If the cerebral cortex is always connected with afferent fibers of the opposite side of the body, then the cerebellar cortex receives fibers mainly from neural structures of the same name sides.

Descending pathways. Downstream fibers are also divided into several paths. The names of these pathways are based on the names of the parts of the brain in which they originate.

Corticospinal (lateral and ventral) tracts formed by axons pyramidal cells lower layers of the motor zone of the cerebral cortex. These paths are often called pyramidal.
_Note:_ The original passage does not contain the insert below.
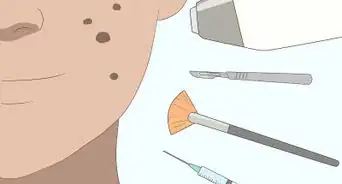 eliminar las manchas oscuras del acné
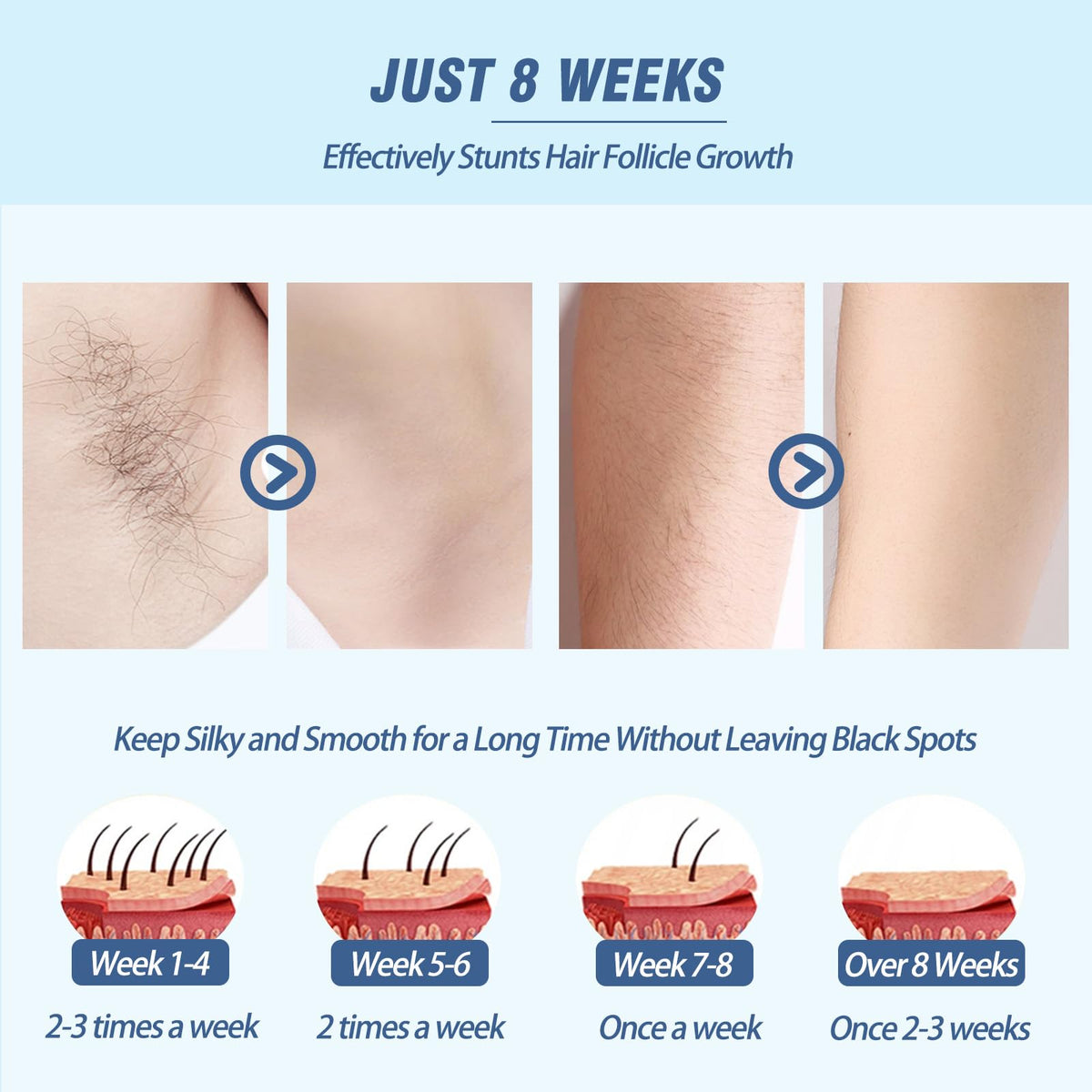 IPL Laser Hair Removal,ZPL 999999 Flashes 2 in 1 Painless Hair Remover Machine with Razor & Goggles,5 Levels,LCD Display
The fibers pass through white matter of the cerebral hemispheres, base of the midbrain peduncles, along the ventral sections Varoliev Bridge And oblong brain in dorsal brain.

o Lateral the path crosses at the bottom of the pyramids of the medulla oblongata and ends at the neurons of the base of the dorsal horn.
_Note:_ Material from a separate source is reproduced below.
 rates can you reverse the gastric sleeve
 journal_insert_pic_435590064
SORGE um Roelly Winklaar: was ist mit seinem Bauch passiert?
o Ventral the path crosses the pyramids of the medulla oblongata without crossing. Before entering the anterior horn gray matter of the corresponding segment of the spinal cord, the fibers of this pathway pass to the opposite side and end on the motor neurons of the anterior horns of the contralateral side.
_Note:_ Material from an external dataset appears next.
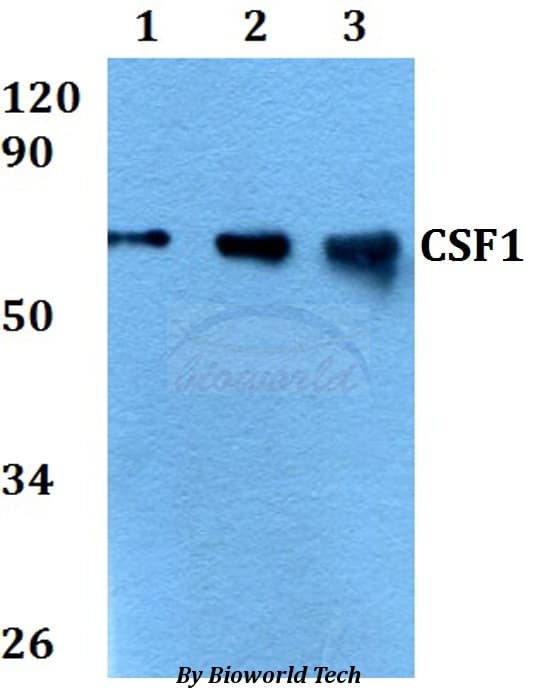 CSF1 / MCSF Antibody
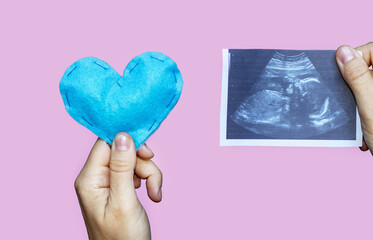 ultrasound picture and blue soft toy textile heart isolated on pink background.pregnant woman...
Thus, one way or another, the motor area of ​​the cerebral cortex is always associated with neurons opposite sides of the spinal cord.

Rubrospinal tract – main descending path midbrain, starts at red core. The axons of the neurons of the red nucleus intersect immediately below it and, as part of the white matter of the lateral funiculus, descend to the segments of the spinal cord, ending on the cells intermediate area gray matter. This is due to the fact that the rubrospinal system, along with the pyramidal system, is the main system for controlling the activity of the spinal cord.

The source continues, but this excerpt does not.